Opening up, Pryor belted out "Coming Clean" with his nasally whine from their early album Four Minute Mile, with a clean transition into the crowd favorite "Holiday" from their masterpiece album, Something To Write Home About. Between the songs, Pryor ran over to keyboardist James Dewees and gave him an affectionate hug to thunderous applause from a smattering of late teens and twenty somethings.

One of the reasons why emo bands such as the Get Up Kids proved so popular over the last couple of years was their ability to write songs that resonated with a young and increasingly alienated middle-class white base. When Pryor crooned, "I'm down for whatever...," from the song, "Action and Action," he put to music the theme of a generation of disaffected suburban souls craving affirmation and self-confidence while battling manicured boredom.

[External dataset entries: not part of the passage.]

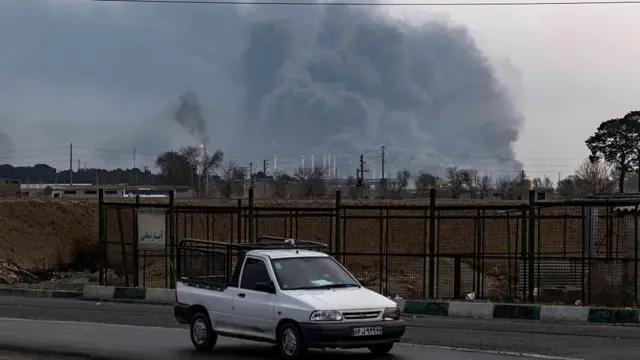 तेहरान में एक ऑयल फ़ैसिलिटी में अमेरिकी-इसराइली हमला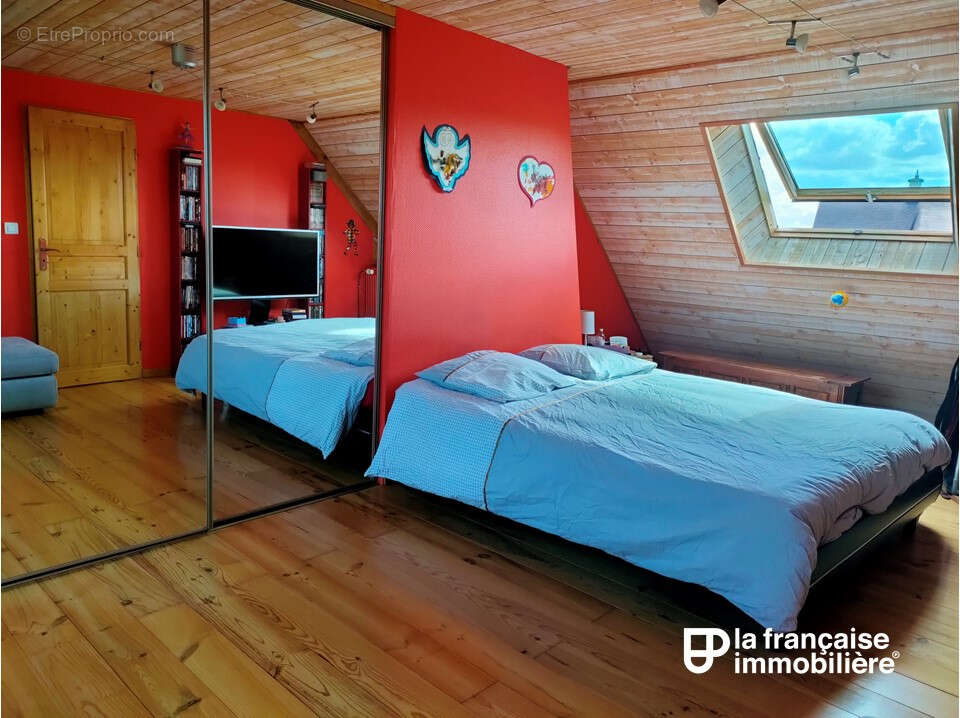 Maison à MONTGERMONT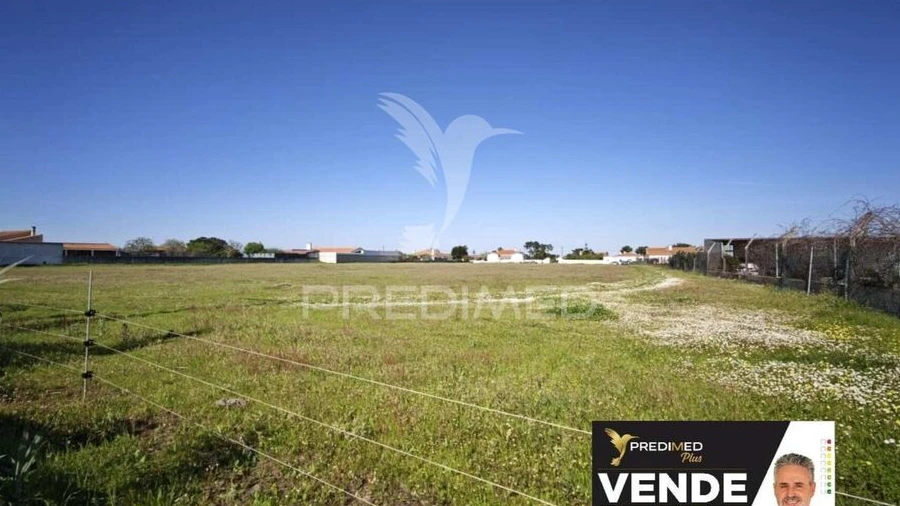 Terreno para Venda em Benavente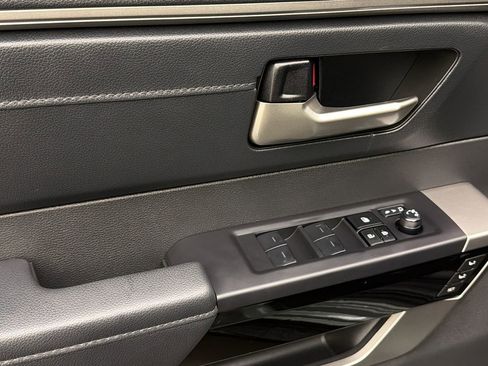 Used 2024 Toyota Tundra Limited image 30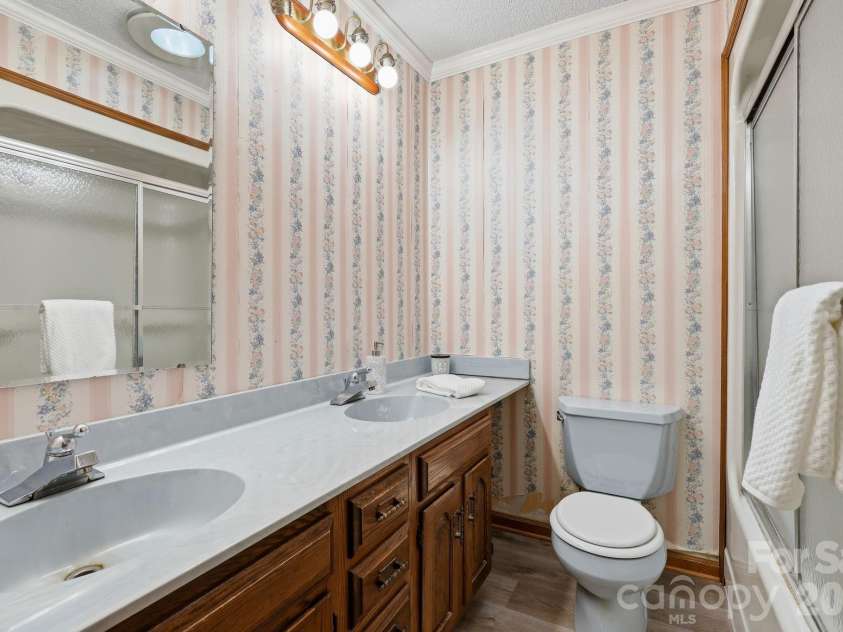 1 Mountain Heritage Place, Candler, NC 28715.  MLS# CAR4378436, YatesRealty ID 34935. 2nd bath ensuite
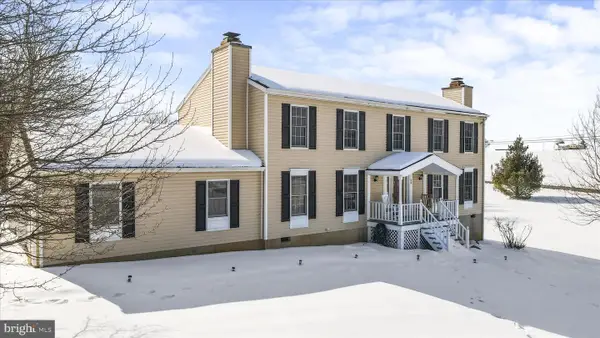 30 Green Valley Dr, CHARLES TOWN, WV 25414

Over successive releases, the Kids have been cultivating a slower, poppier sound, and their evolution could be felt on Thursday night as they ripped through songs covering their progression from post-hardcore influenced emo to Beatlesque rock n' roll. During "Let the Reigns Go Loose," Pryor raised his acoustic guitar in triumph as the crowd suffocated him in applause. Yet whenever Pryor and company ventured into their slower musical catalogue, they came driving back with songs of emo-pop perfection such as "Martyr Me" from their latest disc Guilt Show, or possibly their most popular track, "I'm a Loner Dottie, a Rebel," with Pryor screaming, "One night, doesn't mean the rest of my life," to the raised fists and glasses of the love-lorn mob.

One of the more enjoyable aspects of the show was The Kids ability to know what the crowd wanted to hear. Each and every song they played meet an echo of kids screaming Pryor's pitter-patter heavy heart lyrics back into his mic.

And when the band left the stage before their first encore, no one was fooled with everyone like concrete blocks weighed down in place awaiting the next set. During the five song encore, the Kids boiled down their history to an essence of perfection, ending with "I'll Catch You," with Pryor singing, "No need for reminding, you're still all that matters to me." And just like that, The Get Up Kids vanished into the darkness of an Electric Factory black light, never to return.
God, this kind of stuff is so much more fun to write.